Netherlands Steps Away From EU Position
He instructed his diplomats in Geneva to strike a number of formulations from the statement, among them numerous references to a "two-state solution" -- that is, the foundation of a Palestinian state alongside Israel. The foreign minister also didn't want any mention of Israel's arrests of peacefully demonstrating human rights activists or their destruction of homes in the West Bank and East Jerusalem that forced the affected Palestinians to resettle elsewhere.
And this despite the fact that a report for the UN Human Rights Council confirms that the Israeli government has increased orders for the destruction of homes since the beginning of the year. According to the report, some 387 buildings have been destroyed since January, among them 140 residential buildings, turning out 755 Palestinians. Furthermore, more Palestinians have been displaced in the first half of 2011 than all of last year, the report adds.
The changes from The Hague were not well-received by the other European diplomats. Though some had been prepared to negotiate individual questions such as the Israeli arrests of demonstrators, the refusal to acknowledge a need for a two-state solution -- already a key European position for years -- went too far.

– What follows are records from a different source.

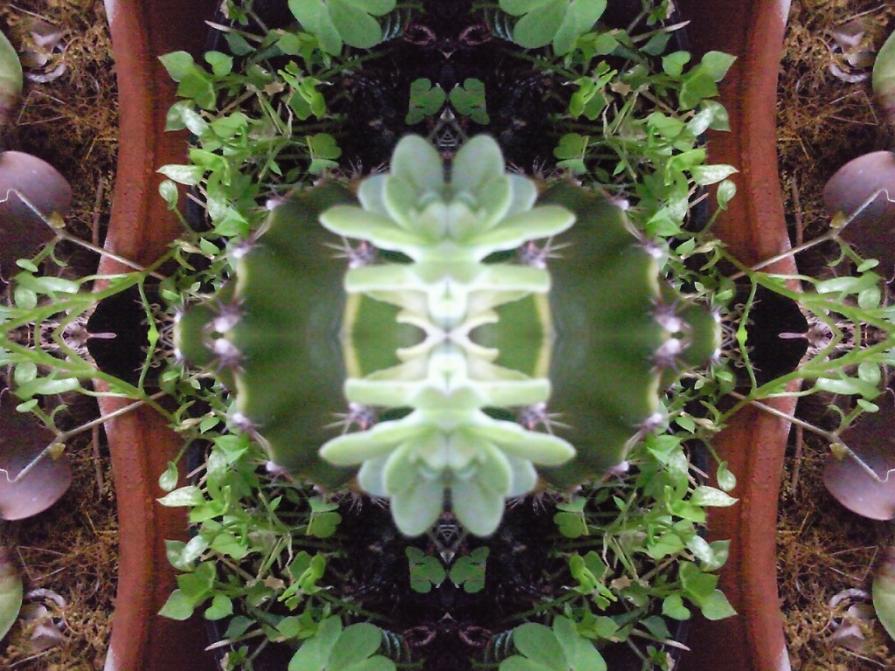 Magiche Forme della Natura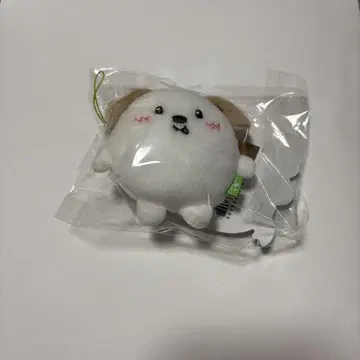 RIIZE 앤톤 RIIZING DAY FINALE 미니 인형 키링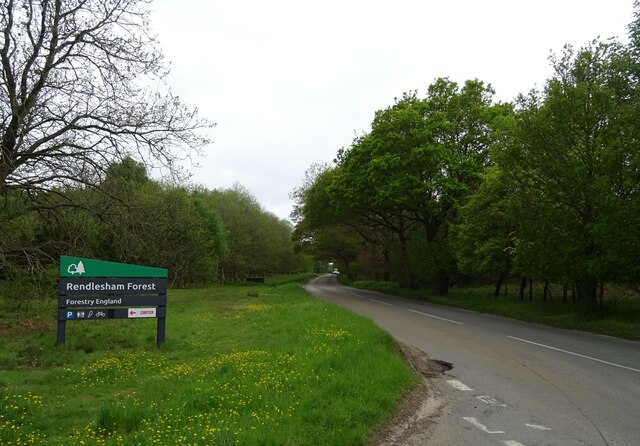 B1084, Rendlesham Forest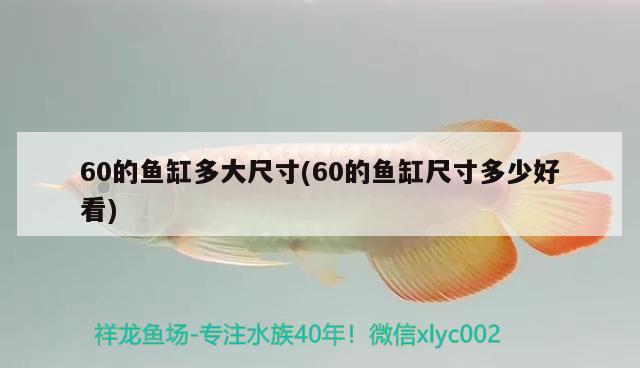 60的魚缸多大尺寸(60的魚缸尺寸多少好看)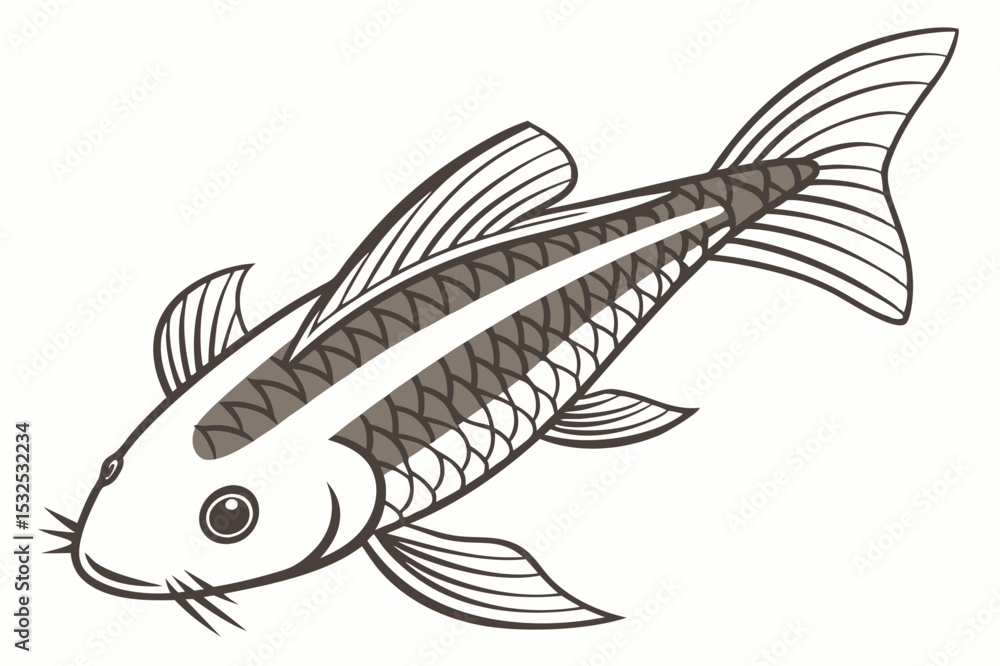 Obraz premium Detailed otocinclus fish illustration on white background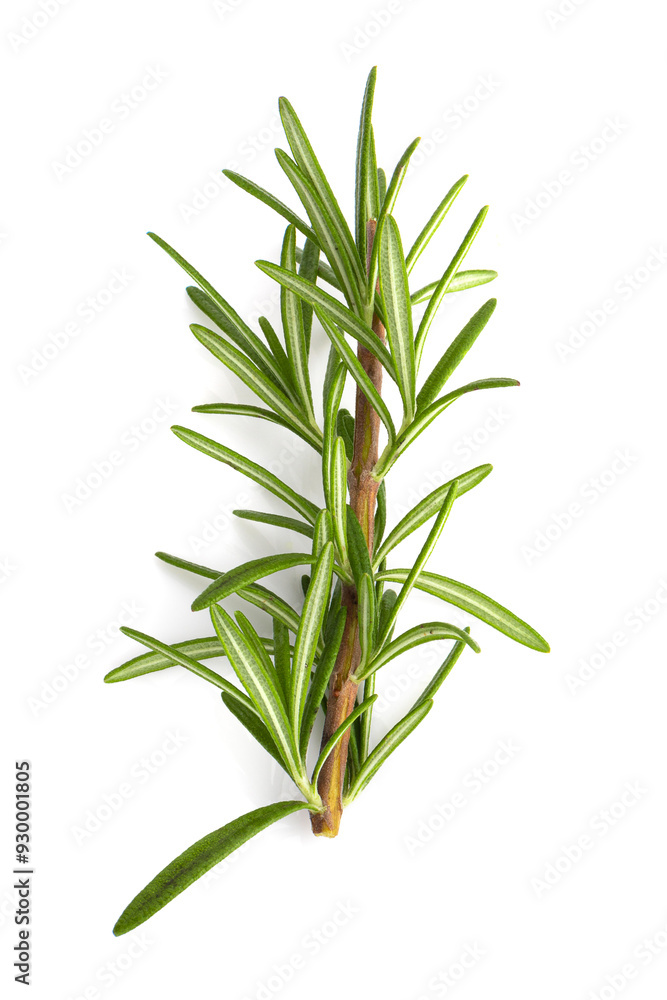 Rosemary leaf herbal is spices isolated on a white background. Rosemary leaf herbal is spices isolated on a white background.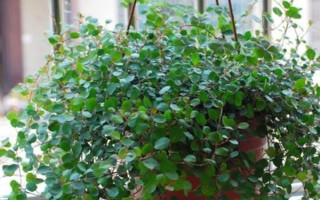 千葉吊蘭的養(yǎng)殖方法，在半陰的環(huán)境下養(yǎng)護(hù)為宜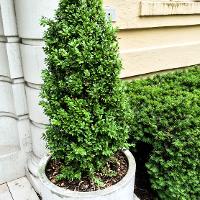 Buxus microphylla (Littleleaf Boxwood)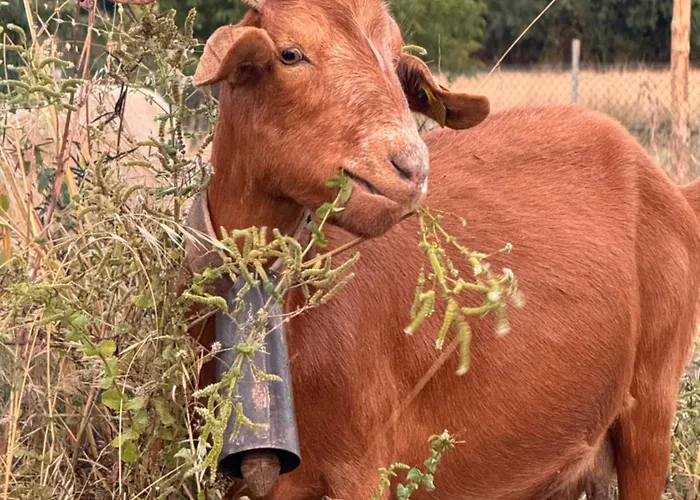 Дом отдыха Matias Nature - Mountain In Serra Da Estrela, Seia Carragozela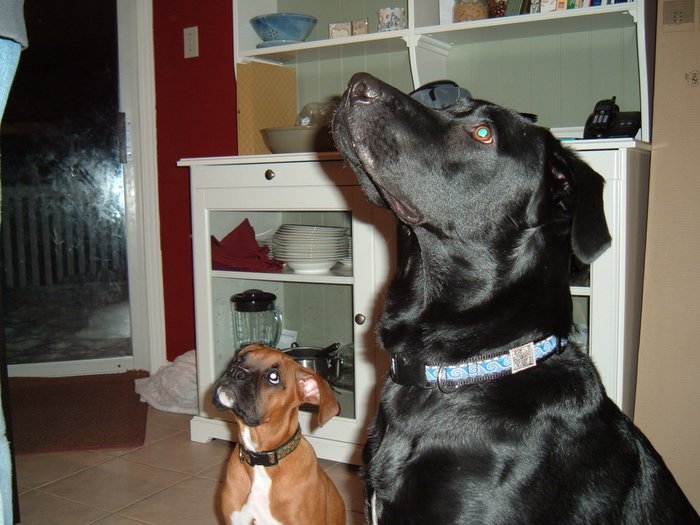 cookies please!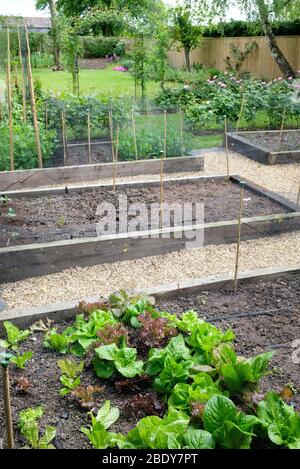 Orto in letti sopraelevati in un giardino in una casa inglese, Regno Unito Foto Stock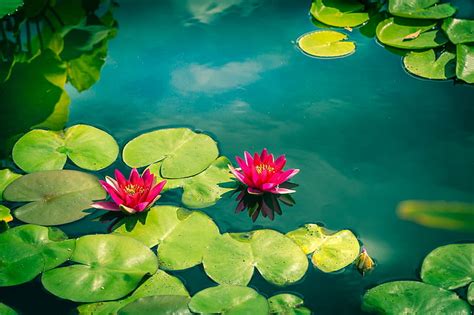 HD wallpaper: lily, pads, giant, aquatic, rain, pond, water, green color | Wallpaper Flare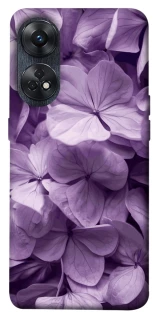 Чохол на Oppo Reno 8T 4G Floral Symphony фото 1 з 1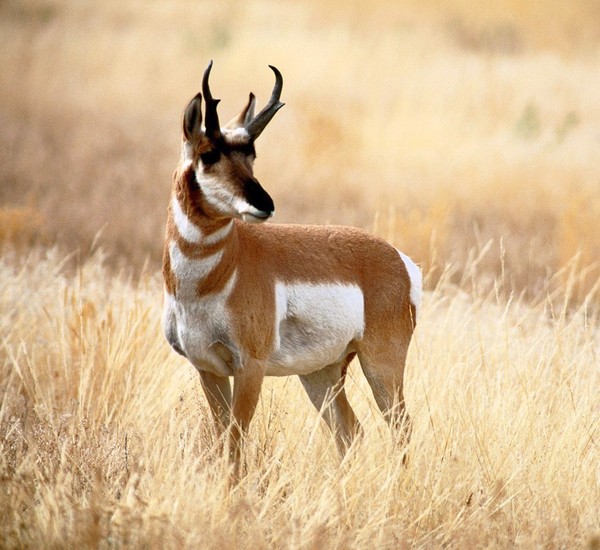 ANTILOPE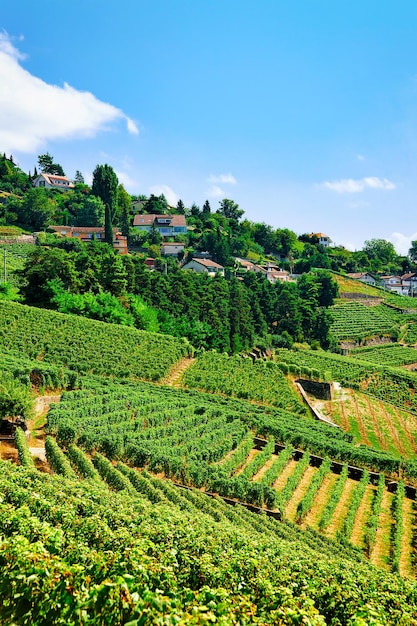 Campo na trilha de caminhada de Lavaux Vineyard Terraces, distrito de Lavaux-Oron, Suíça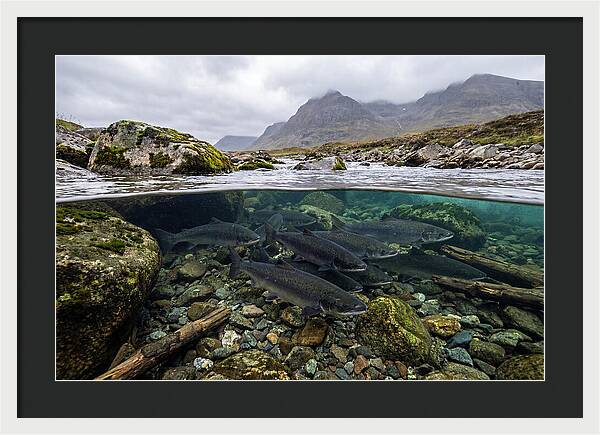 Atlantic Salmon Underwater Scene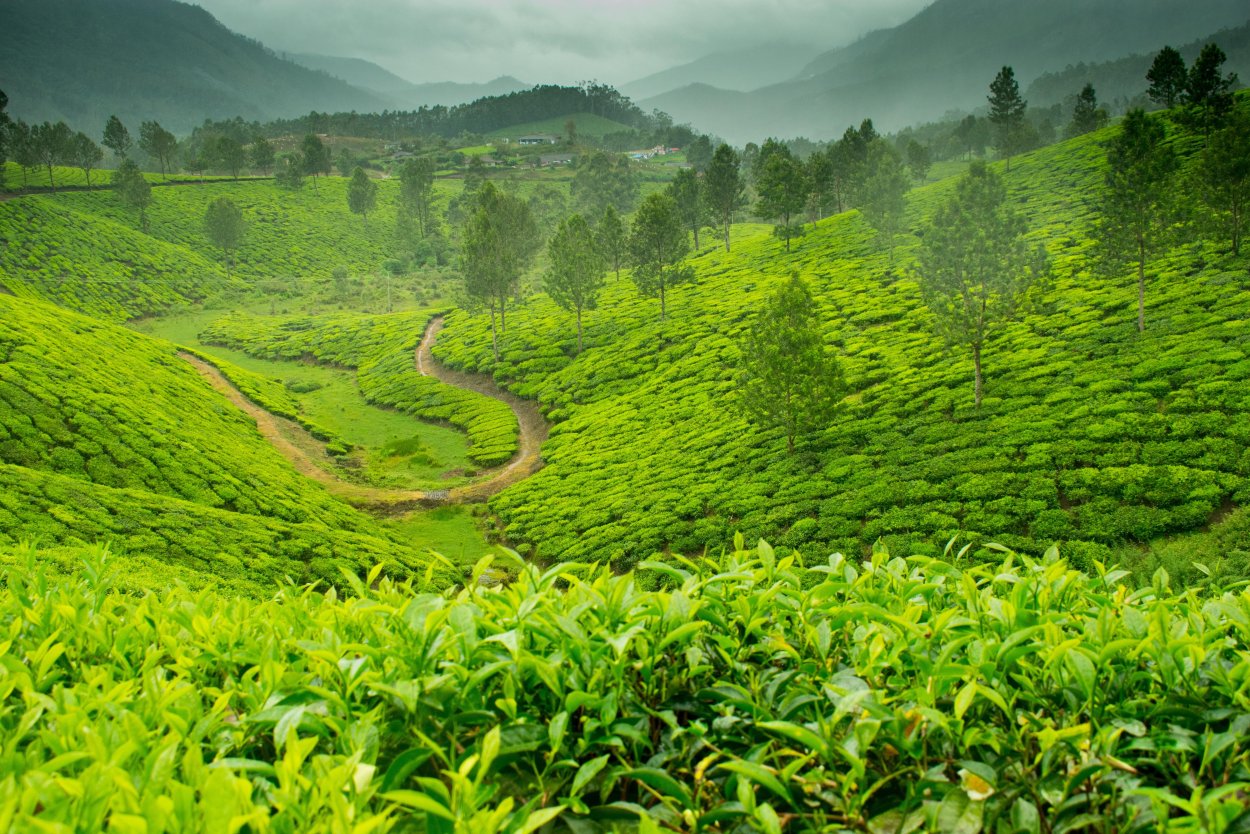 Индия чайные плантации Ассам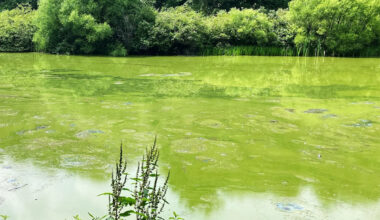 Harmful algal blooms in Pennsylvania: What to know for yourself and pets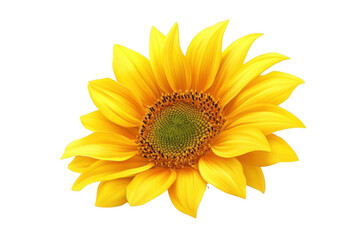 Fototapeta premium Capture the Golden Sunflower Bloom Against Black Background, Summer Concept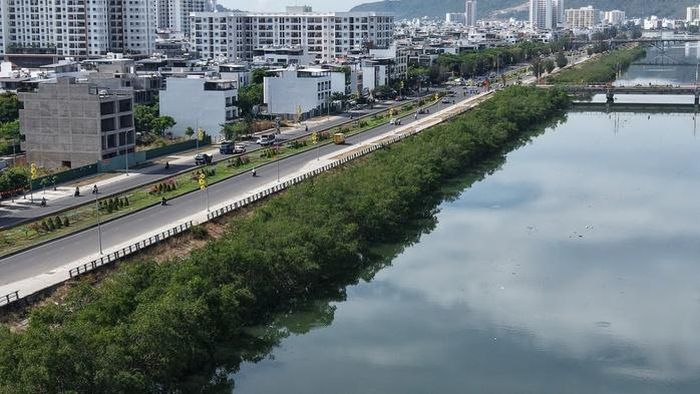 Cần hơn 572 triệu đồng để chặt bỏ hàng cây dọc sông Quán Trường vì không nằm trong thiết kế, nên không thể nghiệm thu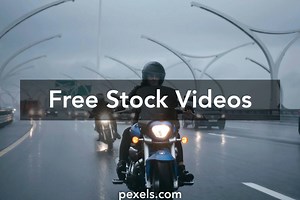 Passion Free Videos, Download The BEST Free 4k Stock Video Footage & Passion Free HD Video Clips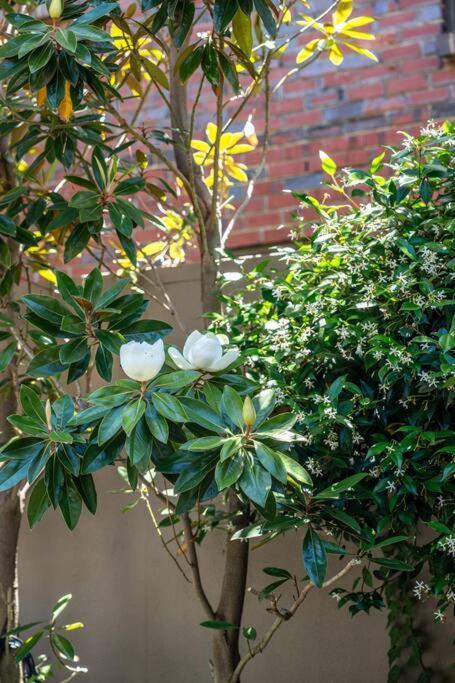 Petal And Bloom - 3br Family Cbd Apartment Adelaide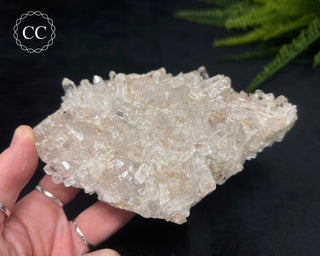 Clear Quartz Cluster #17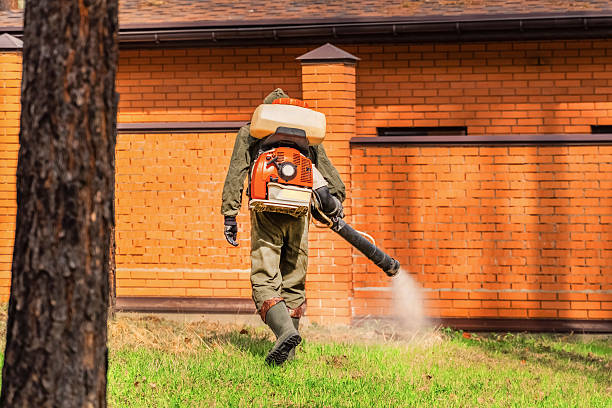 Top rated local Termite Control specialists in Rutherford, NJ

Most of those present at the meeting protested, at the same time expressing wonderment that some member countries agreed to the Netherlands' last-minute wishes. Germany, Italy and the Czech Republic all declared they were ready to accept the demands, in order to enable a unified European position. Meanwhile Sweden, Austria, Romania and Slovenia declared this was unacceptable. Thus just before the start of the council meeting, the EU representative leading the crisis meeting could do nothing but declare the debate had failed. '
End of quote. So in the end there was no joint-EU-position at all. Rosenthal spoiled the - rare - opportunity that Europe could have spoken with one voice. But much more worrisome is that Holland seems to have a minister of Foreign Affairs who does not want to speak out out against human rights violations in the occupied Palestinain territories like house demolitions, or arrests of people who peacefully protest such violations, and who apparently also has some trouble to accept a declaration that voices support for a two-state solution (Which by the way is strange, because this is since years an official position of the Dutch government. Could it have been the wording? Were maybe references made to East-Jerusalem? Has anybody seen the text of the draft?)
As Der Spiegel mentions, one reason for the behavior of the Dutch minister could be that he is known for his his pro-Israel feelings. It's also true that he is married to an Israeli wife.What Der Spielgel fails to mention, however, is that the liberal Rosenthal also rearranged the priorities of Dutch foreign policy somewhat. He moved 'action in favour of human rights' from the forefront it traditionally used to occupy in Dutch foreign policy, to a third place after international stability and Dutch national interests - (see de Volkskrant 15.12.10, Dutch)
What is also missing from the Spiegel-report is that Rosenthal is minister in a coalition (christian democrats and liberals) which could only master a majority in parliament because of the active support it obtained from the parliamentary faction of the islamophobe-and-friend-of-the-extreme-right-in-Israel, Geert Wilders. Wilders' support was probably the main reason that this coalition, in the Declaration of Policy which it issued at the moment it took office, in the paragraph that described foreign policy mentioned only one country by name. That was Israel. The paragraph in question said that the Netherlands intended to ínvest more in the ties with this country. Which is, as it seems, exactly what Rosenthal is doing. To the detriment of human rights.
PS The leader of the left liberal D66 party, Alexander Pechtold, has asked parliamentary questions about Rosenthal's behavior. It will be interesting to see what the minister is going to answer.